▶ [Instructions to follow] Write out, from the entries below, exactly the lines that run between the lines holding "Young Buffaloes" and "10 SMASHING EWE LAMBS - Image 2", inclusive, and stop there.
[Data for the task Boundary: Start]
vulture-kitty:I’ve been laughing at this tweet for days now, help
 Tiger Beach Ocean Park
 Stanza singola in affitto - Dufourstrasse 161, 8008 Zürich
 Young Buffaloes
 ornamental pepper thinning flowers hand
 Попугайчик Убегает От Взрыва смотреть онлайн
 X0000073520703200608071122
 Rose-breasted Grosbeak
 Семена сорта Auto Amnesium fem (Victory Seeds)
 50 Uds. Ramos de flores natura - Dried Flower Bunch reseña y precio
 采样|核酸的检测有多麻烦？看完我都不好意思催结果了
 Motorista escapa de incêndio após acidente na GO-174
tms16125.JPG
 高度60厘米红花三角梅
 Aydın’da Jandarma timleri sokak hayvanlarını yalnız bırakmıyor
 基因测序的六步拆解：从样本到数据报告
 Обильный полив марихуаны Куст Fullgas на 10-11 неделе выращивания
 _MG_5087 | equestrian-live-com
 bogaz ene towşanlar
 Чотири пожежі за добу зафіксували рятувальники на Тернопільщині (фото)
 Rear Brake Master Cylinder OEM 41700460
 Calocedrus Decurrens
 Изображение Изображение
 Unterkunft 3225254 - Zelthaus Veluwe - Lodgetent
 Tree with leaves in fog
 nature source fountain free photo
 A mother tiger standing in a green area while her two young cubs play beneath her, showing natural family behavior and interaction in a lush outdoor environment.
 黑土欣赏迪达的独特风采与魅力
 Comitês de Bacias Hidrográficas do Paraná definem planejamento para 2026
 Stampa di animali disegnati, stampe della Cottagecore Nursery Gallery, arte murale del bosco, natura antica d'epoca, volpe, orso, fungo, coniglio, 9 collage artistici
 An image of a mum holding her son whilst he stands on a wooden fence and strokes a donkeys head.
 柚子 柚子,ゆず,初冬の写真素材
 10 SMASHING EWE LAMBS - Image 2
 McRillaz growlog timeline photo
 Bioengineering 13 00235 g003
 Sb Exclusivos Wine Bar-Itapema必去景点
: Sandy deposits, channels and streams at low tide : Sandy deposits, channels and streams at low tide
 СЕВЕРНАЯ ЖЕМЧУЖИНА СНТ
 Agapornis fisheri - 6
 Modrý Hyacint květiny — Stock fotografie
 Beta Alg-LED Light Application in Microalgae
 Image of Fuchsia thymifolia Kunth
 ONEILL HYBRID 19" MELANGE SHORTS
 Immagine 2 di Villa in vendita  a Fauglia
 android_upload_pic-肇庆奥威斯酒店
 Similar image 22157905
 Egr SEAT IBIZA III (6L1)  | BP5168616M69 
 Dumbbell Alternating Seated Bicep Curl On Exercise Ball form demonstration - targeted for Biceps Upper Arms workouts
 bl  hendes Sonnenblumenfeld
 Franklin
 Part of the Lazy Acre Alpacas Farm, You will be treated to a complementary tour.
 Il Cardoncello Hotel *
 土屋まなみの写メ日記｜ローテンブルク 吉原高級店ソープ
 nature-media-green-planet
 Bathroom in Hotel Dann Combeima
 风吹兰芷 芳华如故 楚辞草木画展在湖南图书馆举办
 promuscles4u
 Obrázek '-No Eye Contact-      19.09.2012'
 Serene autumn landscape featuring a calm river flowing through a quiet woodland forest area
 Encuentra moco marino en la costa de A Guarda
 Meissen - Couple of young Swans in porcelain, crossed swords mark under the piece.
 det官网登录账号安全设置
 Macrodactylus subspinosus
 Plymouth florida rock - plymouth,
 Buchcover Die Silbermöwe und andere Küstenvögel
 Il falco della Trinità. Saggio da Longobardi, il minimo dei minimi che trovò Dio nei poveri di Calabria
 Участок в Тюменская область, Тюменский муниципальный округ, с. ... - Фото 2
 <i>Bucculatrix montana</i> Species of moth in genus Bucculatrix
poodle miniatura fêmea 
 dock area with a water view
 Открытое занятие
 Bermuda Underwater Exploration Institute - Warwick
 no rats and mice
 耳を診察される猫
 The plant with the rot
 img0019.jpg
[Data for the task Boundary: End]
▶ [Solution]
 Young Buffaloes
 ornamental pepper thinning flowers hand
 Попугайчик Убегает От Взрыва смотреть онлайн
 X0000073520703200608071122
 Rose-breasted Grosbeak
 Семена сорта Auto Amnesium fem (Victory Seeds)
 50 Uds. Ramos de flores natura - Dried Flower Bunch reseña y precio
 采样|核酸的检测有多麻烦？看完我都不好意思催结果了
 Motorista escapa de incêndio após acidente na GO-174
tms16125.JPG
 高度60厘米红花三角梅
 Aydın’da Jandarma timleri sokak hayvanlarını yalnız bırakmıyor
 基因测序的六步拆解：从样本到数据报告
 Обильный полив марихуаны Куст Fullgas на 10-11 неделе выращивания
 _MG_5087 | equestrian-live-com
 bogaz ene towşanlar
 Чотири пожежі за добу зафіксували рятувальники на Тернопільщині (фото)
 Rear Brake Master Cylinder OEM 41700460
 Calocedrus Decurrens
 Изображение Изображение
 Unterkunft 3225254 - Zelthaus Veluwe - Lodgetent
 Tree with leaves in fog
 nature source fountain free photo
 A mother tiger standing in a green area while her two young cubs play beneath her, showing natural family behavior and interaction in a lush outdoor environment.
 黑土欣赏迪达的独特风采与魅力
 Comitês de Bacias Hidrográficas do Paraná definem planejamento para 2026
 Stampa di animali disegnati, stampe della Cottagecore Nursery Gallery, arte murale del bosco, natura antica d'epoca, volpe, orso, fungo, coniglio, 9 collage artistici
 An image of a mum holding her son whilst he stands on a wooden fence and strokes a donkeys head.
 柚子 柚子,ゆず,初冬の写真素材
 10 SMASHING EWE LAMBS - Image 2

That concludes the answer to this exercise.